* WHAT TO DO: Below are records with pictures. Transcribe exactly, and only, the lines from the line with "Tara Jacobson, Marketing" to the line with "I should mention", both ends included, but not the pictures.

* SOURCE MATERIAL:
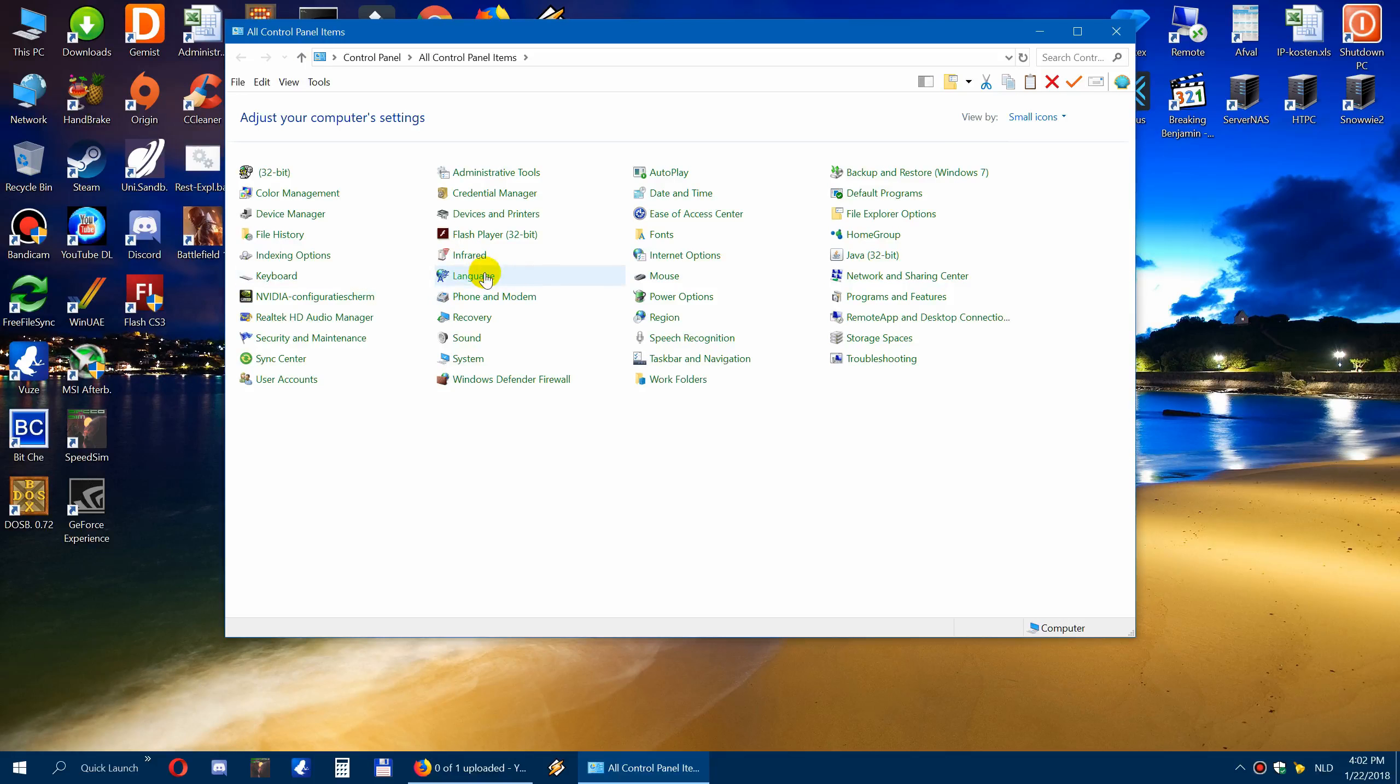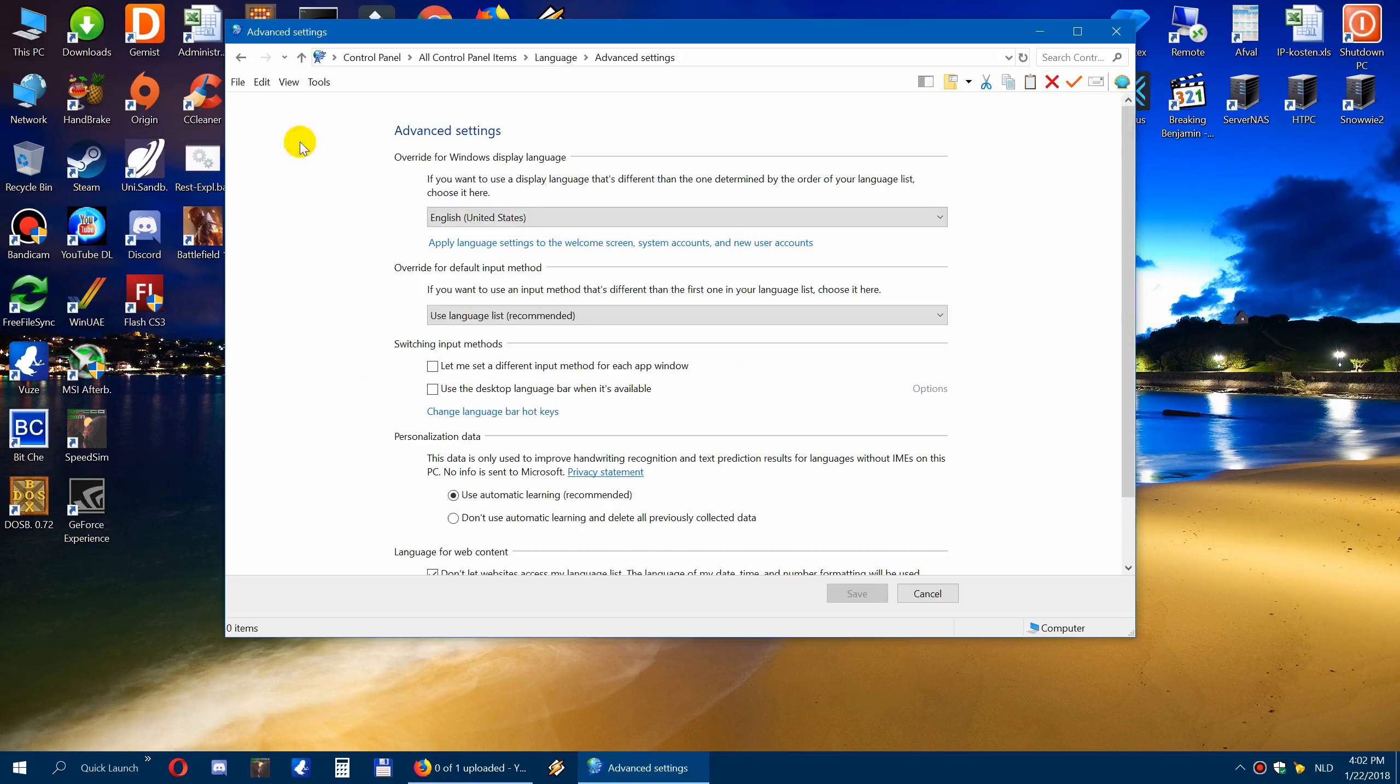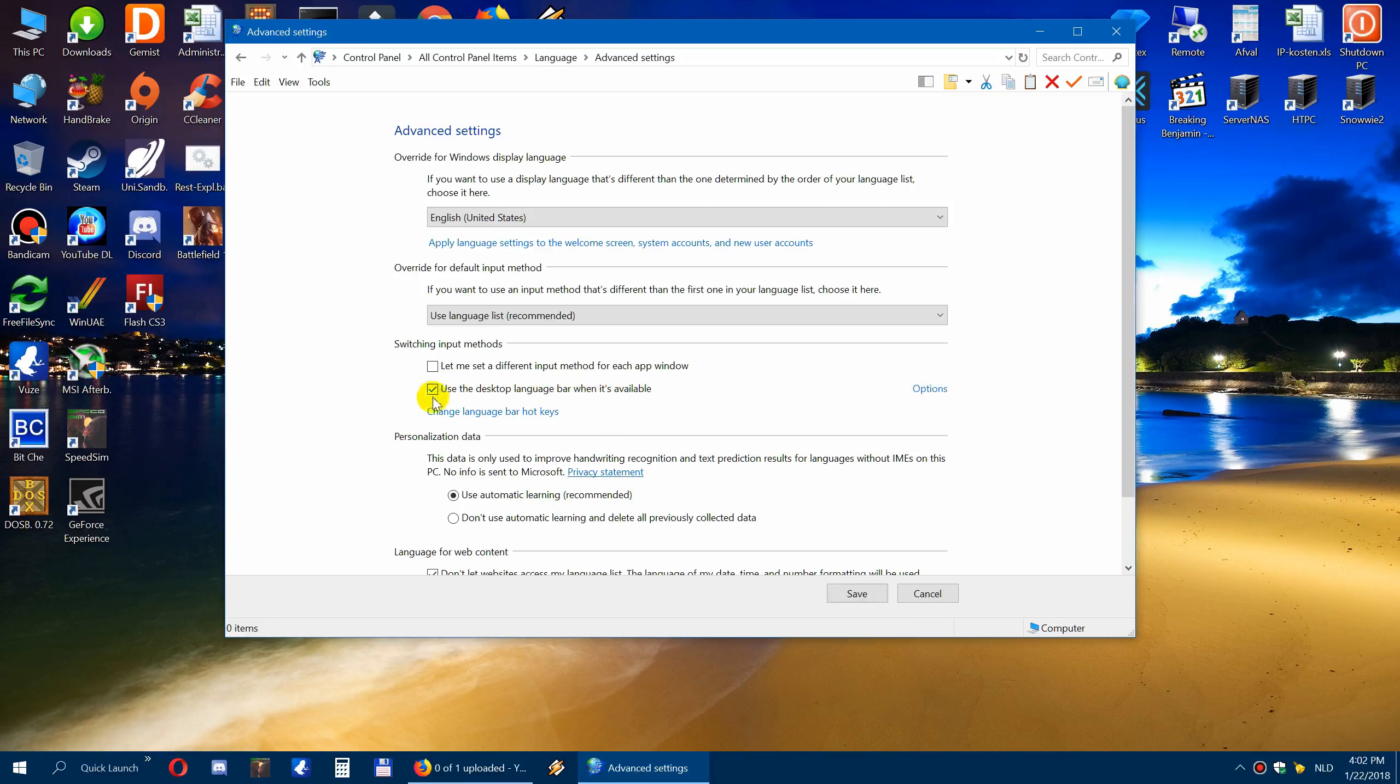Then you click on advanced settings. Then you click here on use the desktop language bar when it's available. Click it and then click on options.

* * *

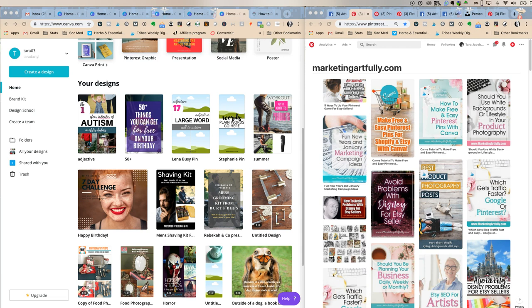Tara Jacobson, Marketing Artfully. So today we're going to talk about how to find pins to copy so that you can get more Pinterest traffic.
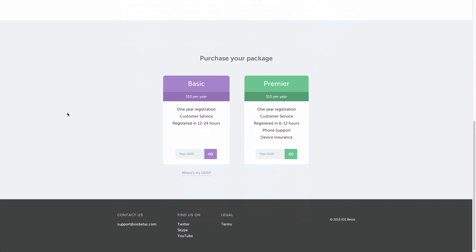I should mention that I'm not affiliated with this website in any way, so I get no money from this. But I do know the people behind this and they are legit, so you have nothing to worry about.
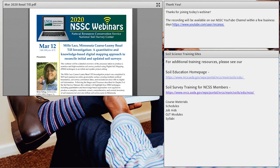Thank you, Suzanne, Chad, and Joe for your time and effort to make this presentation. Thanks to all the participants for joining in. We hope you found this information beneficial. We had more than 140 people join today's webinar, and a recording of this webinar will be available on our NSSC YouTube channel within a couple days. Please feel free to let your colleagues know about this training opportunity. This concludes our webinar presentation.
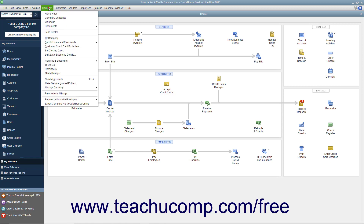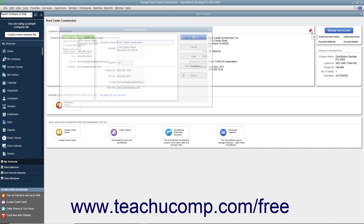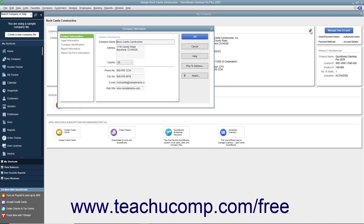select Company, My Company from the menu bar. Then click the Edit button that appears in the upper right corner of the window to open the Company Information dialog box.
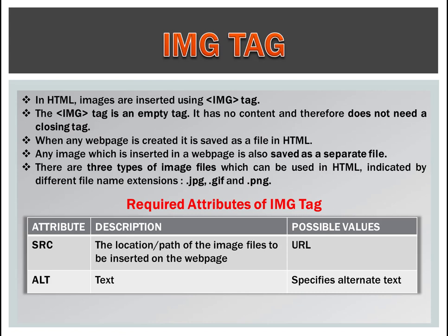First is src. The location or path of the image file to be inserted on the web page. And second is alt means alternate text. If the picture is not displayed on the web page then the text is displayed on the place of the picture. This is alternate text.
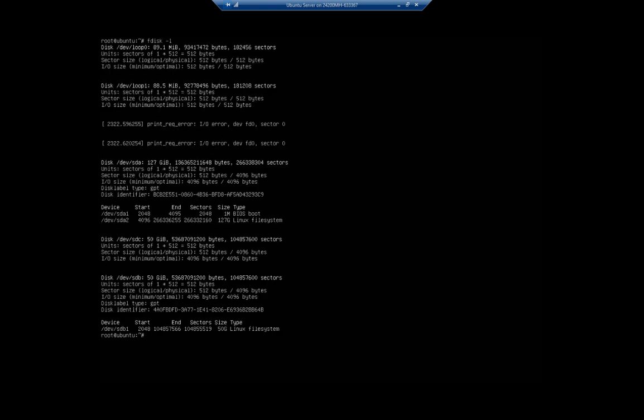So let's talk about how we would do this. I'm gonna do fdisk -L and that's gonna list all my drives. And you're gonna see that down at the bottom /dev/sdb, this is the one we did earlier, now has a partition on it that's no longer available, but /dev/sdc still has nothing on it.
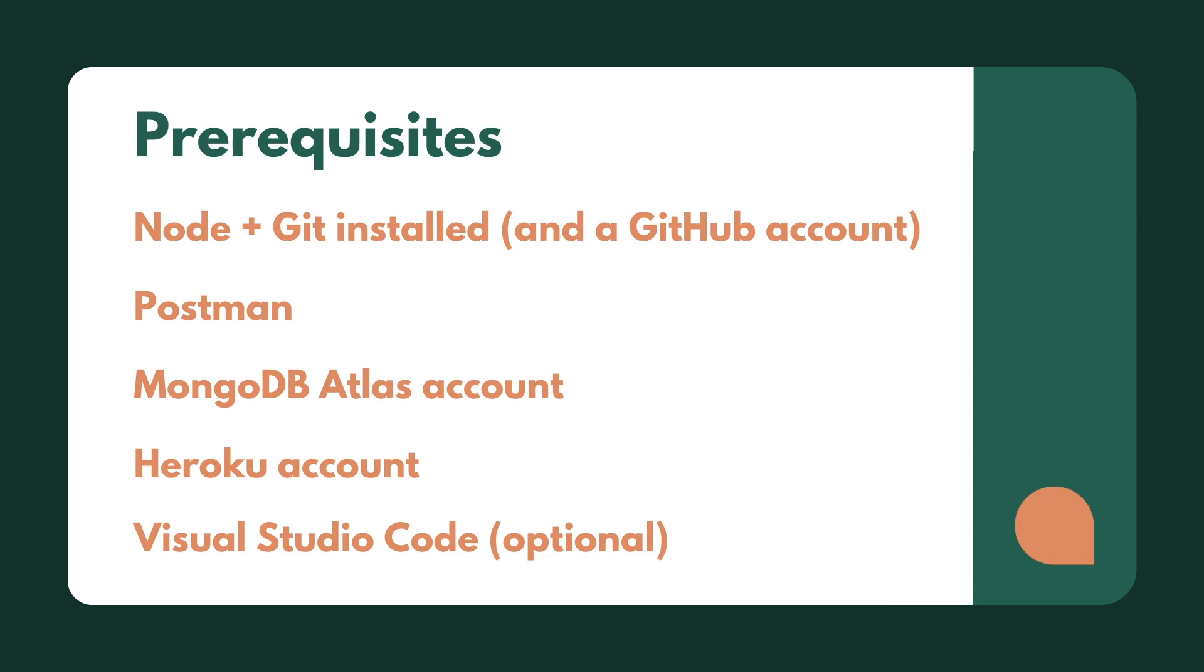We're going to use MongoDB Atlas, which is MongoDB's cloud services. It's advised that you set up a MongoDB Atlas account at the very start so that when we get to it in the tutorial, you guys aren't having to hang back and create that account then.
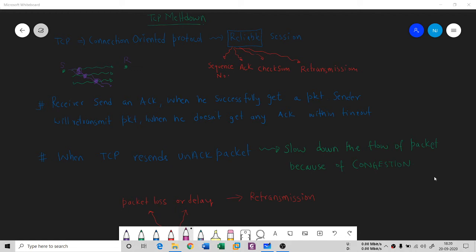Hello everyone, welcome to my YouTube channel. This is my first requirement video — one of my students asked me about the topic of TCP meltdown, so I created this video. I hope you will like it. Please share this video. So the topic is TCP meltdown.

* TASK RESULT:
Tara Jacobson, Marketing Artfully. So today we're going to talk about how to find pins to copy so that you can get more Pinterest traffic.
I should mention that I'm not affiliated with this website in any way, so I get no money from this. But I do know the people behind this and they are legit, so you have nothing to worry about.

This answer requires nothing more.